#### WHAT NEEDS TO BE DONE
Find, in the records below, the line that contains "JACKYLED New Upgraded" and the line that contains "Exhibidor de pared". Copy those two lines and everything between them exactly, but not the pictures.

#### GIVEN RECORDS
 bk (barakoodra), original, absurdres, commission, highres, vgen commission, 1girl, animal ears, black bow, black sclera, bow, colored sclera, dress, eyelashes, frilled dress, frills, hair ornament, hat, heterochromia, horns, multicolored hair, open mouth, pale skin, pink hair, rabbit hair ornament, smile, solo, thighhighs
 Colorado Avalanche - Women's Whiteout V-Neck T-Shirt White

...

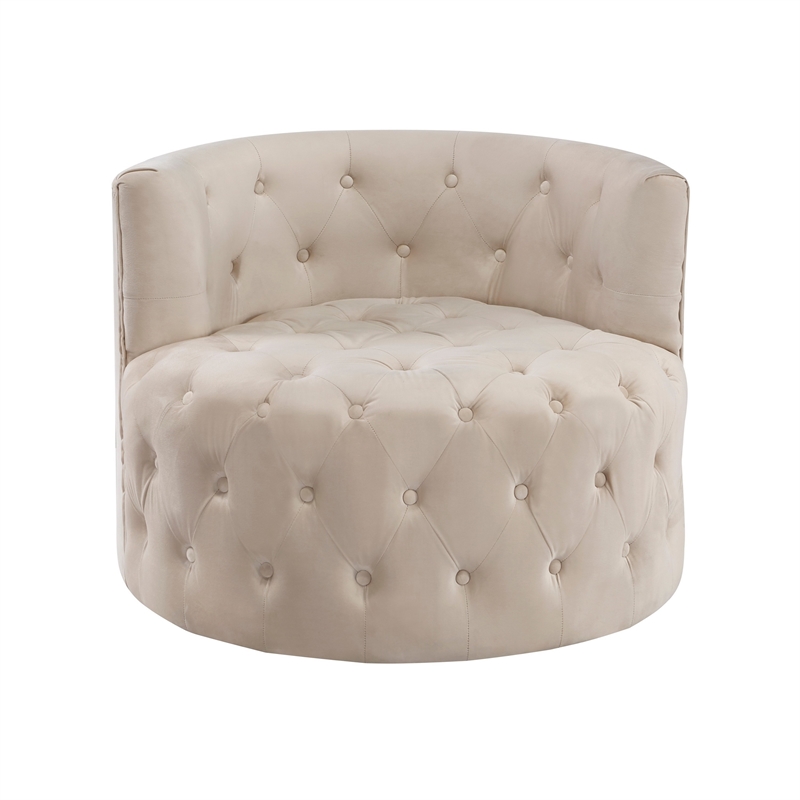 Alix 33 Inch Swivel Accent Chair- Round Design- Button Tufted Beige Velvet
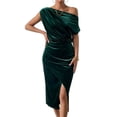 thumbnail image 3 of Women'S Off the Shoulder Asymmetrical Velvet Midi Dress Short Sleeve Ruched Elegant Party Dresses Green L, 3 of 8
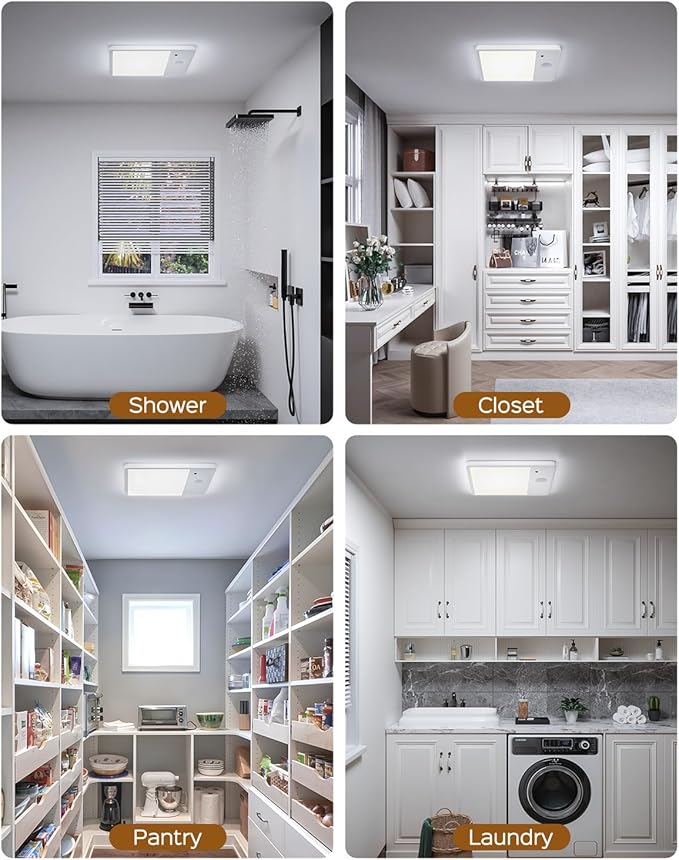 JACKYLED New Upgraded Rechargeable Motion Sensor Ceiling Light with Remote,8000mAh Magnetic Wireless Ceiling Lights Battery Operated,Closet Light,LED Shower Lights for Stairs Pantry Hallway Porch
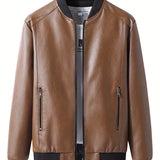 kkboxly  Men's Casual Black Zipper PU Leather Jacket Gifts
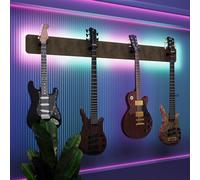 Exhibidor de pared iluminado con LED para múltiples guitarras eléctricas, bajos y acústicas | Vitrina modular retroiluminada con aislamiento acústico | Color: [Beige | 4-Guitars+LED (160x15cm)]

#### SOLUTION TO THIS EXERCISE
 JACKYLED New Upgraded Rechargeable Motion Sensor Ceiling Light with Remote,8000mAh Magnetic Wireless Ceiling Lights Battery Operated,Closet Light,LED Shower Lights for Stairs Pantry Hallway Porch
 kkboxly  Men's Casual Black Zipper PU Leather Jacket Gifts
 Exhibidor de pared iluminado con LED para múltiples guitarras eléctricas, bajos y acústicas | Vitrina modular retroiluminada con aislamiento acústico | Color: [Beige | 4-Guitars+LED (160x15cm)]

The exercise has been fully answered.